Each line in the material below, starting at the one that contains "Frandern Black/Gray Full Panel Bed" and ending at the one that contains "10 Modern Ceiling", should be repeated exactly; the pictures should not.

### WORKING DATA
• • • •

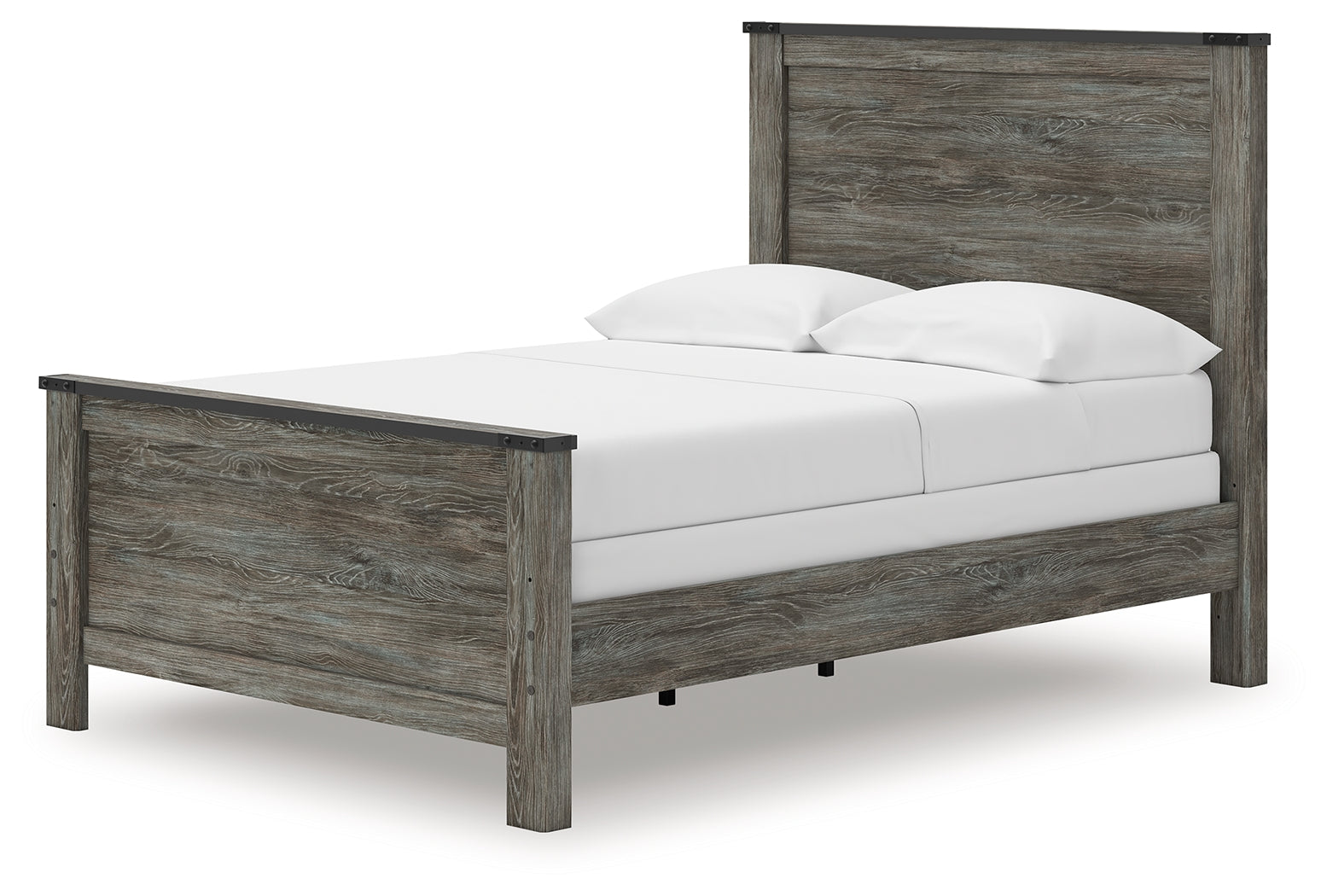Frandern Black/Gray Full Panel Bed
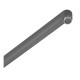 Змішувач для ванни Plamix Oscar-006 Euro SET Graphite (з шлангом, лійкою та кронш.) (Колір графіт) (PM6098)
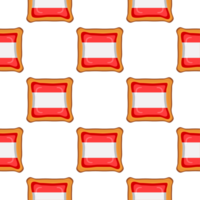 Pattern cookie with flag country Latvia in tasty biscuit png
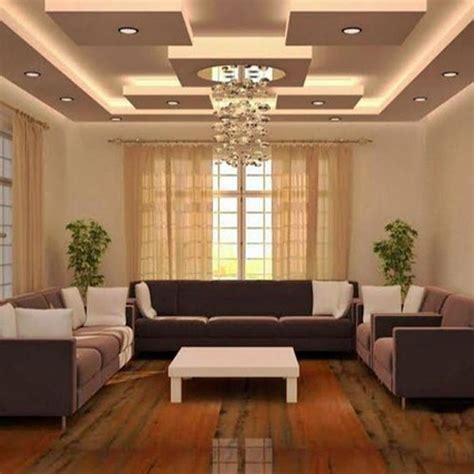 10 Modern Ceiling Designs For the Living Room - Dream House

• • • •

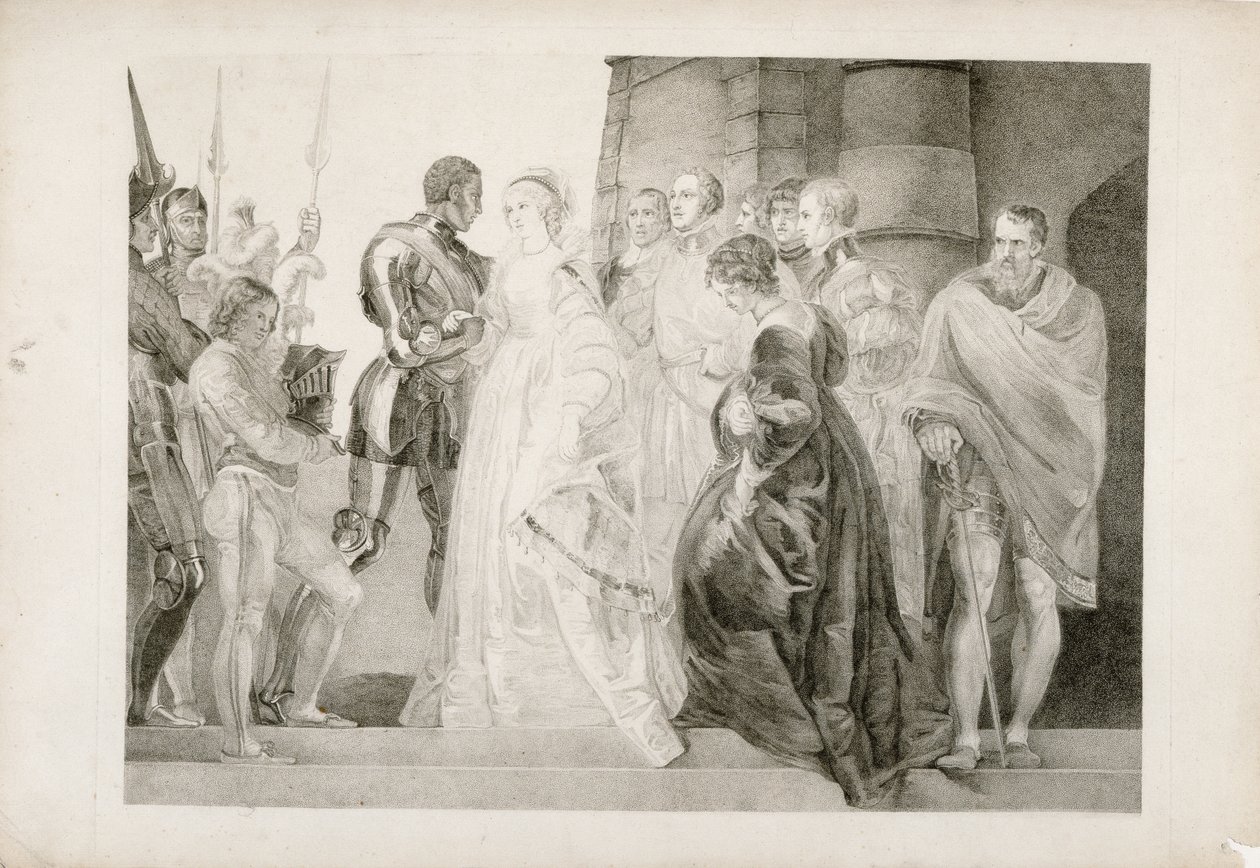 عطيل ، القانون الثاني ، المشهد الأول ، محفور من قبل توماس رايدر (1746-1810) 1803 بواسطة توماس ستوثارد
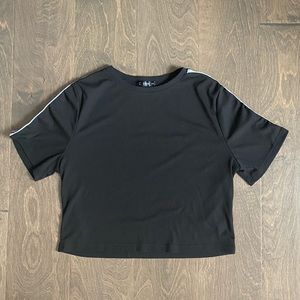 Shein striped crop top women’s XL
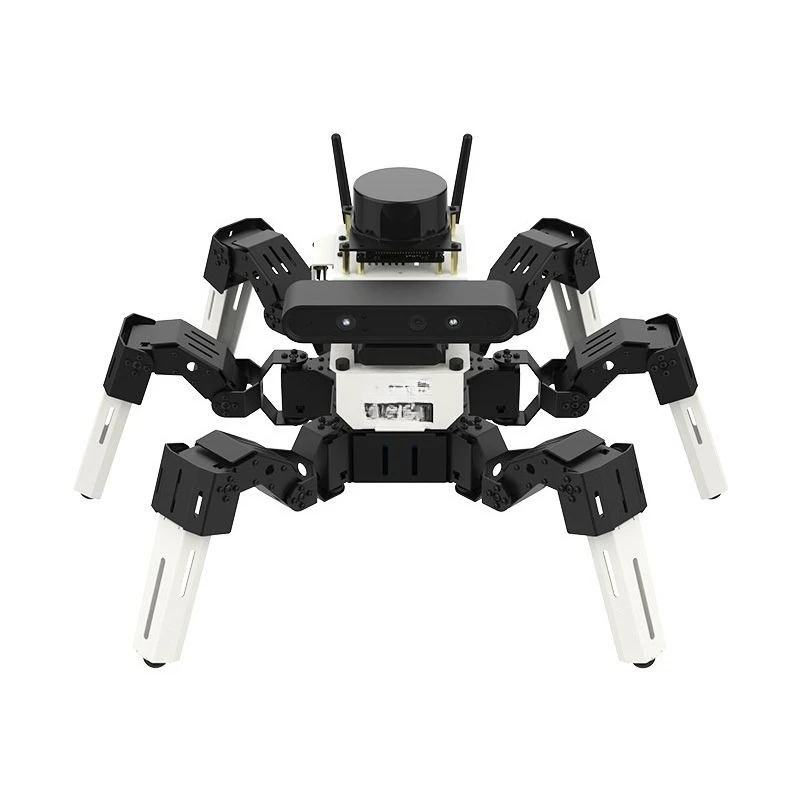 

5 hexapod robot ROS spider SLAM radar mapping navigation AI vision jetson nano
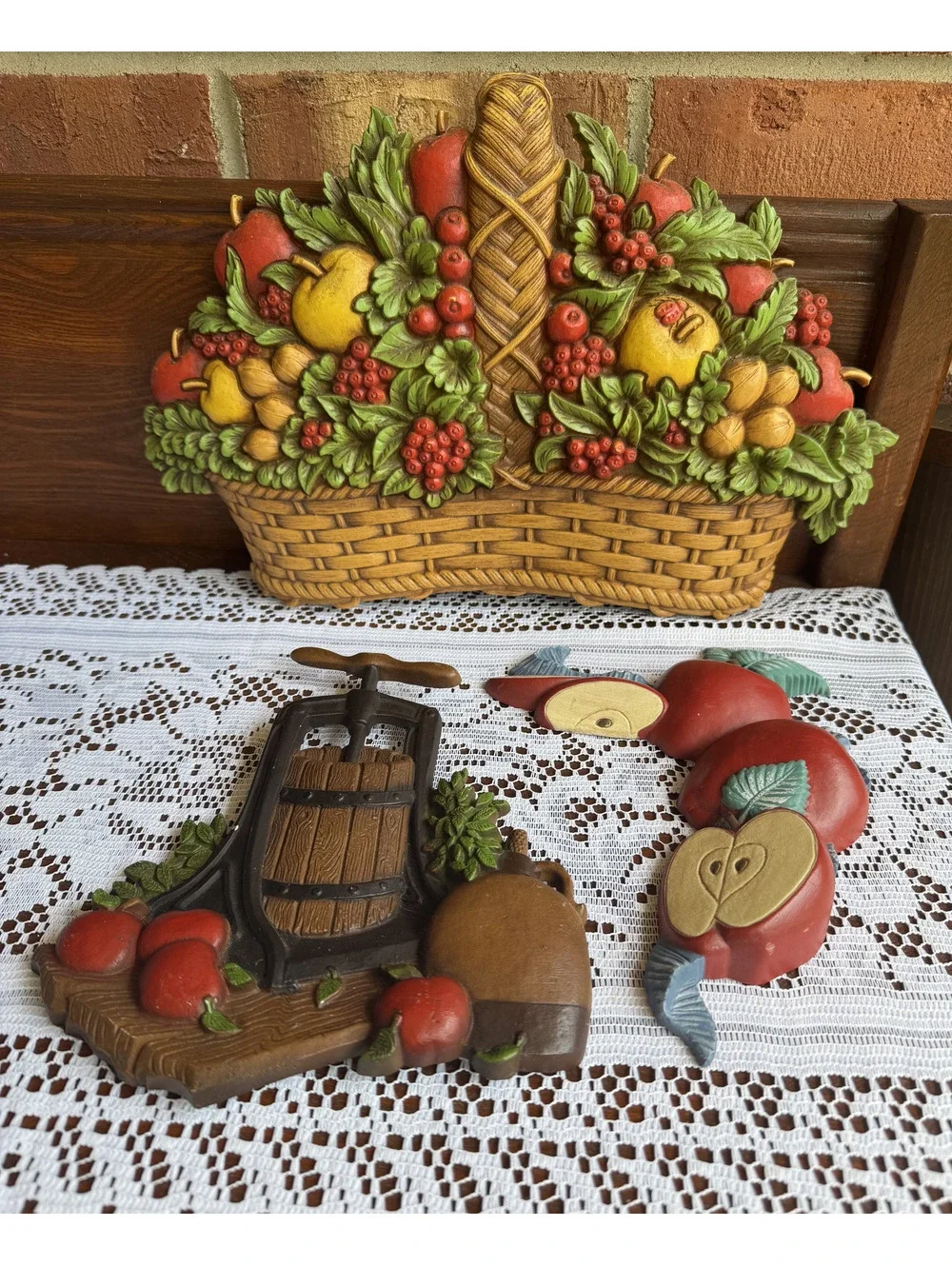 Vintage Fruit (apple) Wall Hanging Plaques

• • • •

### EXERCISE OUTPUT
Frandern Black/Gray Full Panel Bed
 Змішувач для ванни Plamix Oscar-006 Euro SET Graphite (з шлангом, лійкою та кронш.) (Колір графіт) (PM6098)
 Pattern cookie with flag country Latvia in tasty biscuit png
 10 Modern Ceiling Designs For the Living Room - Dream House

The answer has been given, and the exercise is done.